_How to complete this task_: Gather each line of the records where "never" appears.

_Input_:
┄┄┄┄┄┄

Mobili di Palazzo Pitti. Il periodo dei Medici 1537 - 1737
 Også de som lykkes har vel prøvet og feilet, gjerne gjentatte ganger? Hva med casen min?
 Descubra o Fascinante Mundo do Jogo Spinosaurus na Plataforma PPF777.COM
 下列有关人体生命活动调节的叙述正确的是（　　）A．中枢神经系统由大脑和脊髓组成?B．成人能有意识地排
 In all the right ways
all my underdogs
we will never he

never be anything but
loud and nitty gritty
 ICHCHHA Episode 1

┄┄┄┄┄┄

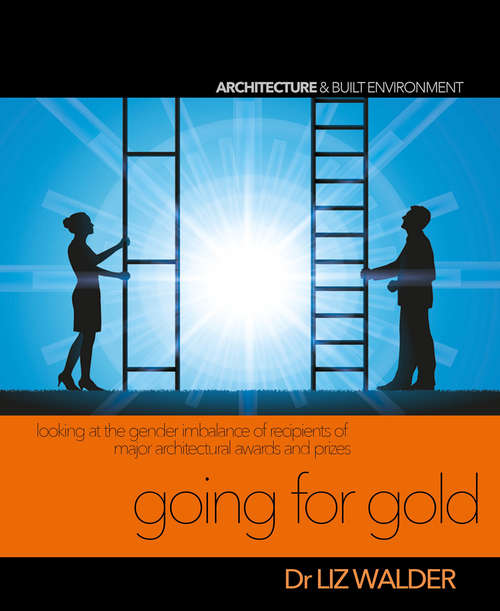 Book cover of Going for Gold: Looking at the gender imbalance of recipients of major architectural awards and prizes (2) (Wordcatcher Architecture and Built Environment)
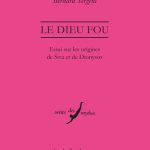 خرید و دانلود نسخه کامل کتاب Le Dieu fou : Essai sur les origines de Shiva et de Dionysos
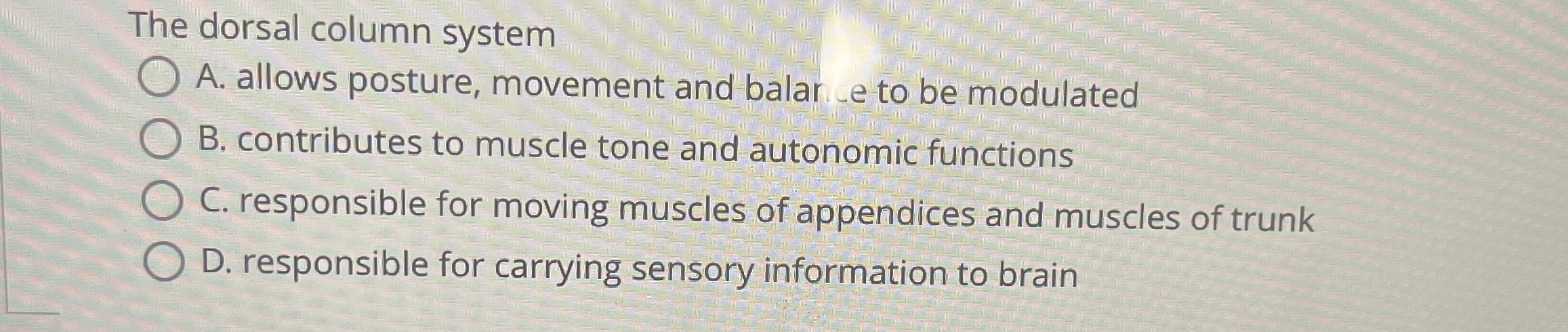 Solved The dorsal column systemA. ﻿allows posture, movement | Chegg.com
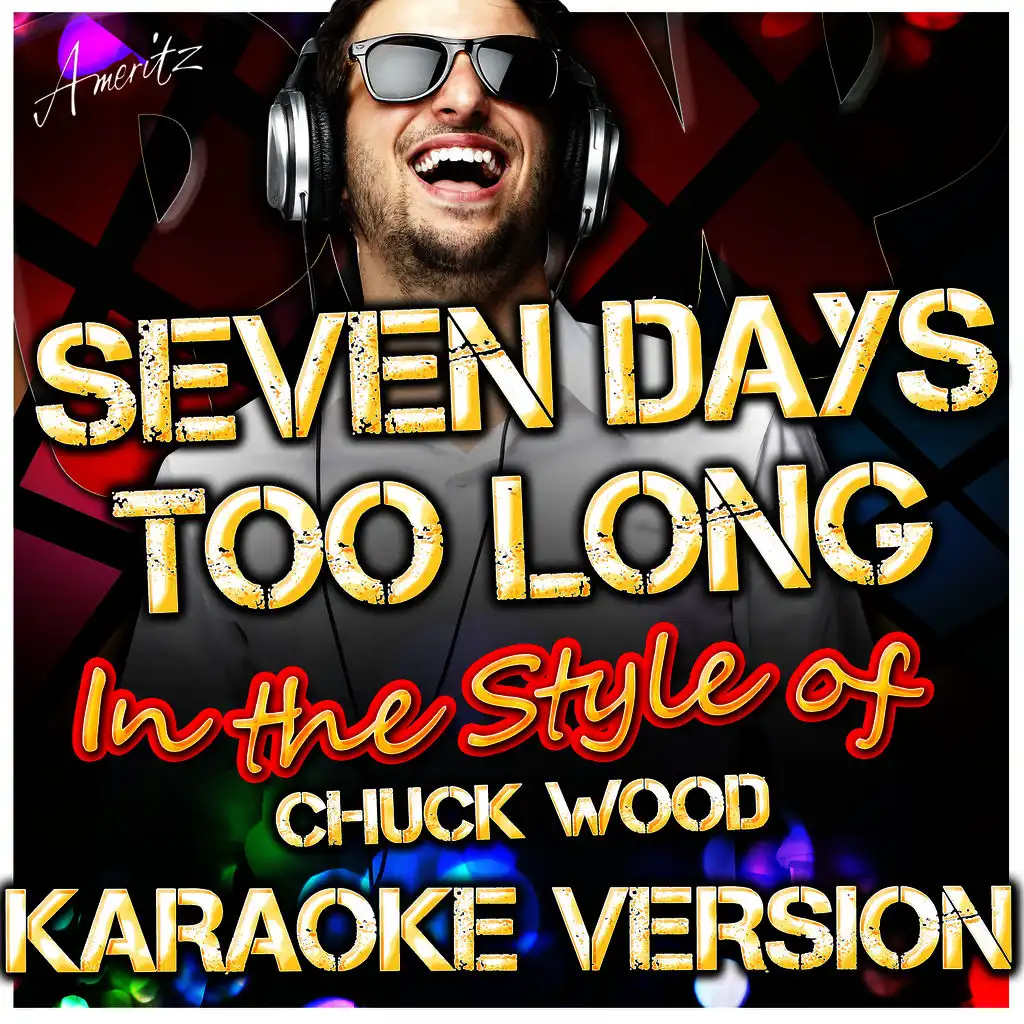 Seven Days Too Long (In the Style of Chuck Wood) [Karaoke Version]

┄┄┄┄┄┄

_Solved exercise_:
we will never he
never be anything but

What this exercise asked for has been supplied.